Hasta ahora sabíamos que los medios de comunicación, y especialmente la televisión, habían desplazado a los parlamentos como foro del debate político. Un diputado preferirá mil veces ir a una entrevista a una televisión que hacer uso de la palabra en un debate parlamentario. Y un partido, incluso un gobierno, antes que registrar una iniciativa en la institución enviará una nota de prensa o convocará a los medios. Después comprobamos que los medios, y especialmente las series de televisión tan en boga ahora, son los que escriben la historia: desde Chernobyl a la monarquía británica. También son quienes lanzan los nuevos mitos: la Veneno, Nevenka, Serrano Súñer, el Cid o incluso para algunos Pablo Escobar. No estoy juzgando, solo constato una realidad. En algunos casos son mitos o referentes positivos y otros negativos, aunque para la opinión de otros quizá sea al contrario.
Y en eso llegó Rocío Carrasco, conocida por ser hija de quien es y por ser protagonista de la prensa rosa, con otra serie televisiva y comprobamos que también los medios, además de imponer la agenda política y reescribir la historia, aplican justicia y decretan quiénes son culpables o inocentes de los delitos. Desplazaron parlamentos, desplazaron academias de historia y ahora desplazan a los tribunales.
Podríamos pensar que esa suplantación de los medios, ese avasallamiento de las instituciones predominaba entre las clases populares, más fácilmente influenciables por las pantallas que por los debates parlamentarios rigurosos, los libros de historia o el rigor de los procesos judiciales. Sin embargo nuestros políticos nos han mostrado que lo más oportuno era sumarse a la corriente y posicionarse al lado de la televisión y del asunto que tuviera más gancho. De modo que si Rocío Carrasco acusa de un delito ante las cámaras, desde la ministra de Igualdad, a la portavoz socialista o el presidente de Más País suscriben su credibilidad sin titubeos. Como hubiera dicho mi abuela, “lo han sacado en la tele, tiene que ser verdad”.
Porque luego está la corrección política. Entre un maltratador y una maltratada, estamos al lado de la maltratada. Y entre el trabajador y el empresario estamos en el lado del trabajador. Y entre el negro y el blanco estamos al lado del negro. Lo que sucede es que además de posicionarnos al lado del feminismo, del sindicalismo y del antirracismo, debemos posicionarnos al lado de la verdad.
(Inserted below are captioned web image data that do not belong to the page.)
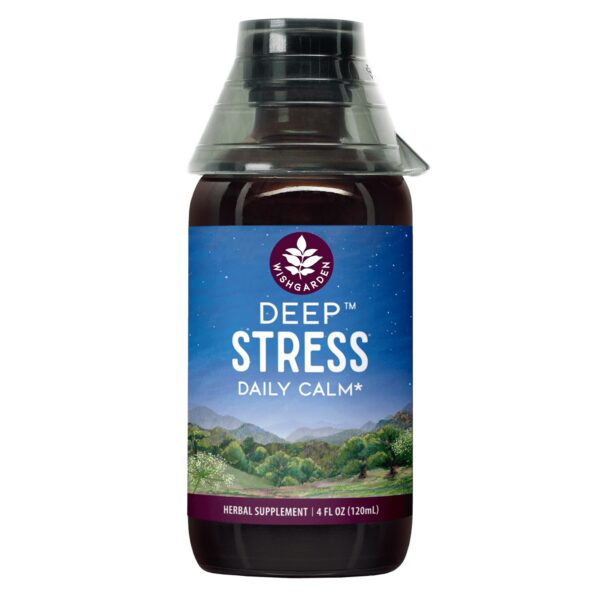 Frasco WishGarden Deep Stress extracto líquido 4oz para estrés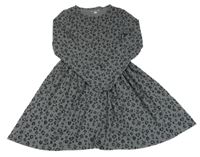 Šedo-černé šaty s leopardím vzorem F&F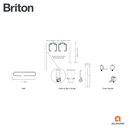 BRITON SDF80A-TEL TELESCOPIC SLIDING DOOR GEAR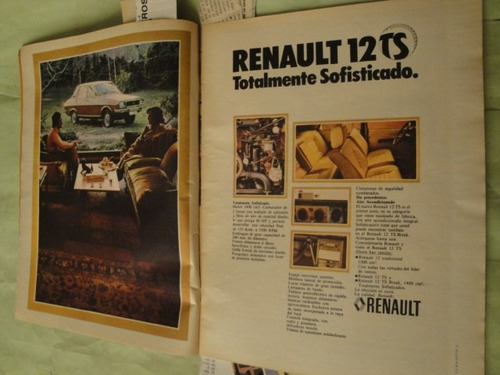 Publicidad Renault 12 Ts Año 1976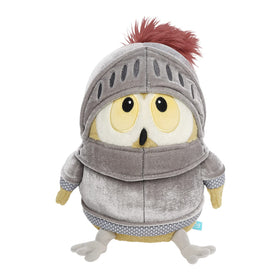 Manhattan Toy Knight Owl plush full view, a soft bedtime companion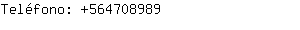 Teléfono: 56470....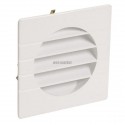 Grille d'aération spéciale façade blanc 1GETM10B pour tube PVC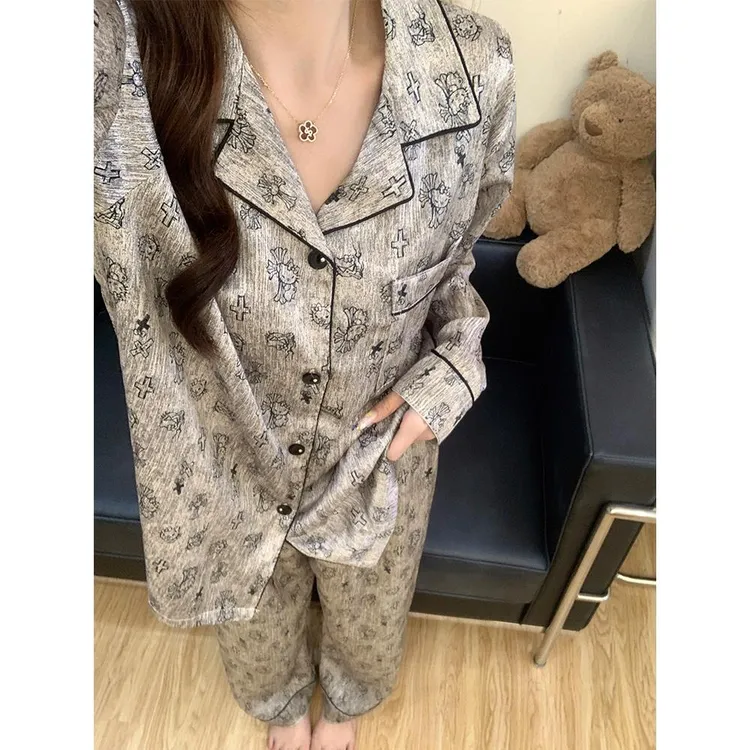 2025新款可爱HelloKitty睡衣女款春秋季冰丝长袖高级感夏天家居服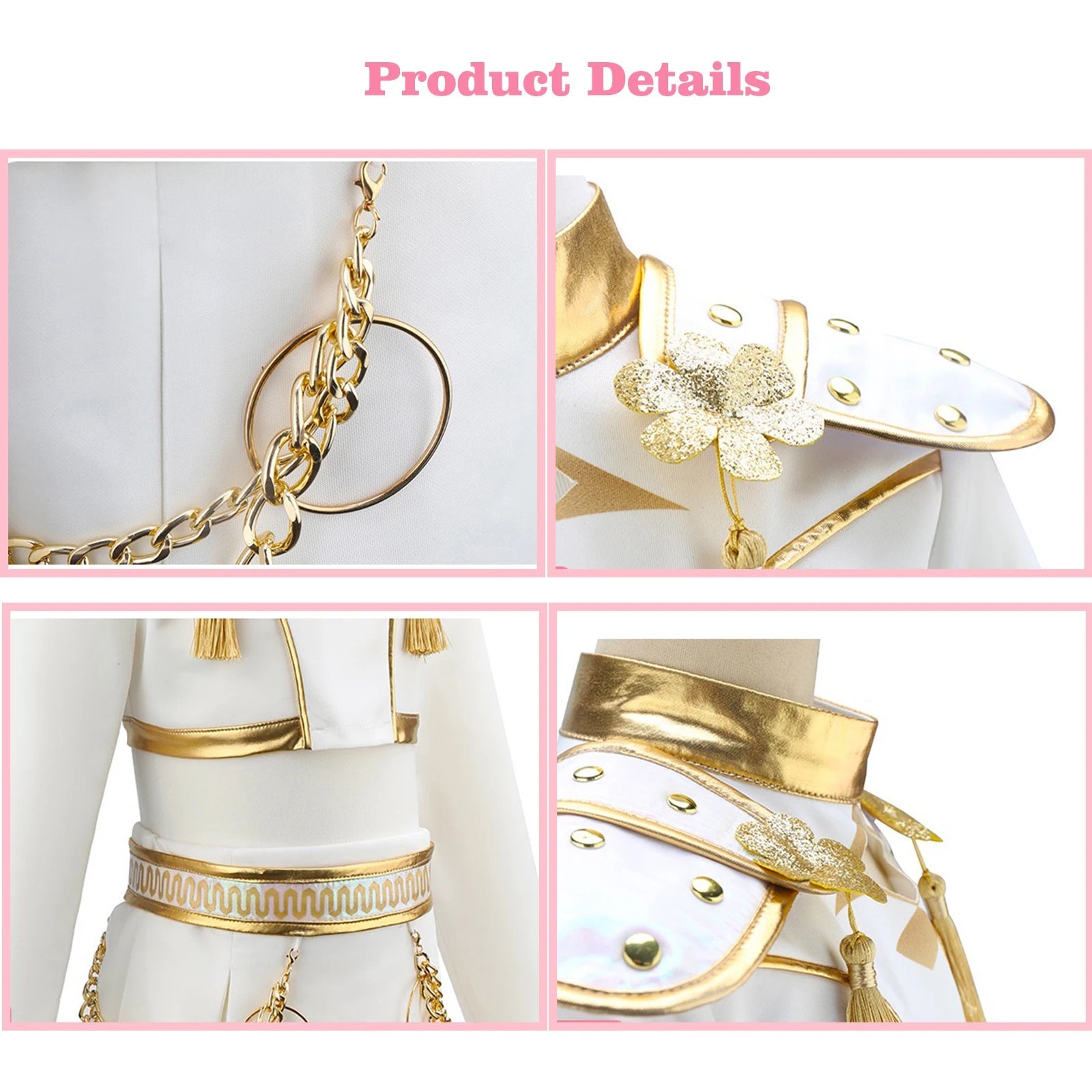 K-pop Cosplay Costumes Rumi Kpop Singer Dress Up for Kids KPop Party otakupop.store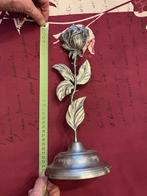 Tin roos met stempel in ,inscriptie, Antiek en Kunst, Antiek | Tin, Ophalen of Verzenden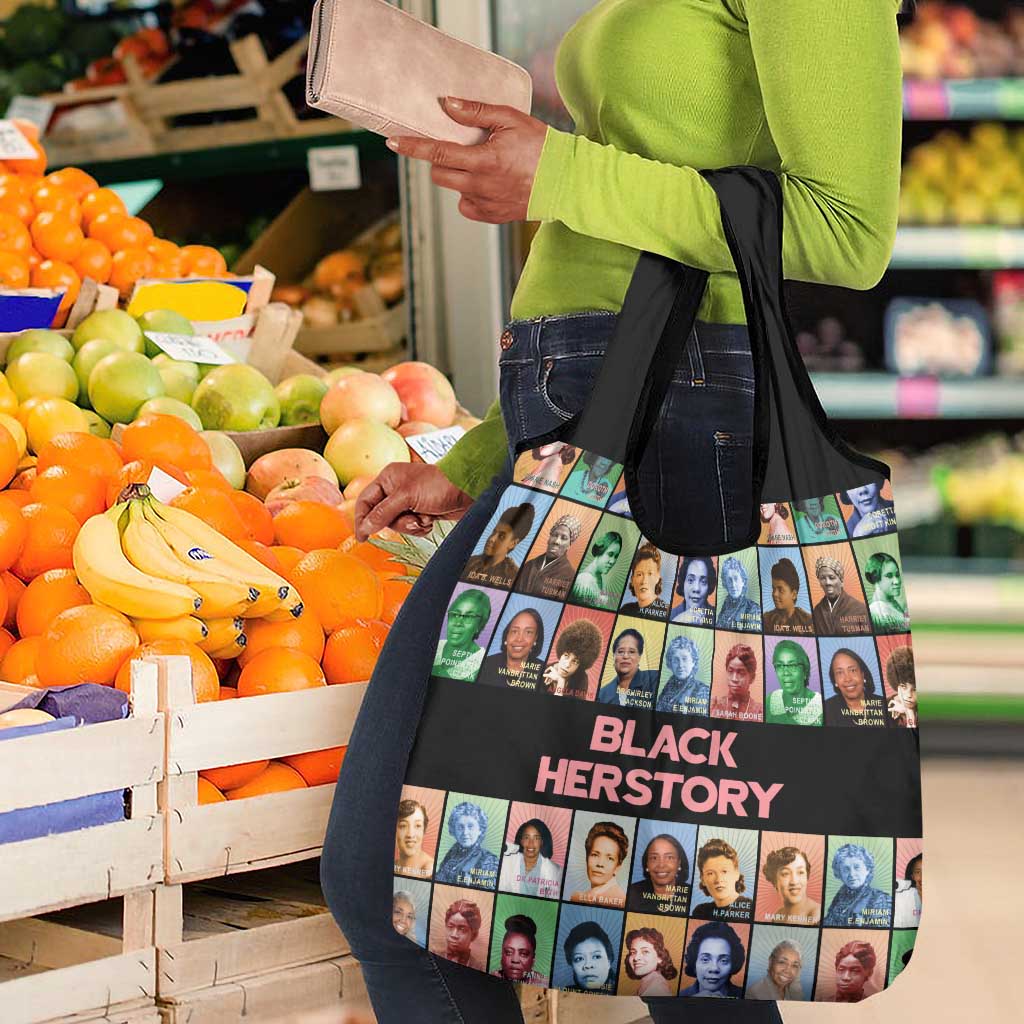 Afro Black Herstory Grocery Bag African Women History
Durante años, los periodistas hemos intentado anteponer a nuestros principios y valores, anteponer a nuestra militancia, algo que es sagrado: la veracidad, el rigor. La historia está llena de periodistas comprometidos que tuvieron claro que ninguna ideología les iba hacer renunciar a la verdad: desde John Reed a Rodolfo Walsh. Sin embargo, parece que para la nueva política dominante la verdad ha dejado de interesar. Sabíamos que a la ultraderecha nunca le interesó la verdad, de hecho su política, desde Trump a Vox, es sembrar bulos y mentiras. El problema es cuando también la izquierda arrincona la verdad e, igual que esa miseria periodística que impide que la verdad te arruine un buen titular, ahora la causa política impone evitar que la investigación de la verdad nos arruine una buena causa política.
Y cuidado, porque si, afortunadamente, el mayor patrimonio de un periodista es su credibilidad, puede suceder, ojalá también, que el mayor patrimonio de un político también sea esa credibilidad. Sería muy preocupante que buenos principios y causas políticas terminen desautorizadas por haber despreciado el respeto de la realidad de los hechos. Porque ni las mujeres tienen siempre obligatoriamente la razón, ni los trabajadores, ni las minorías raciales. Por mucho que vivamos en una sociedad que maltrata a las mujeres, explota a los trabajadores y desprecia a las minorías. Su defensa no puede estar enfrentada a la verdad. Porque la verdad, aunque lo pensara mi abuela, no es necesariamente lo que sale en la televisión.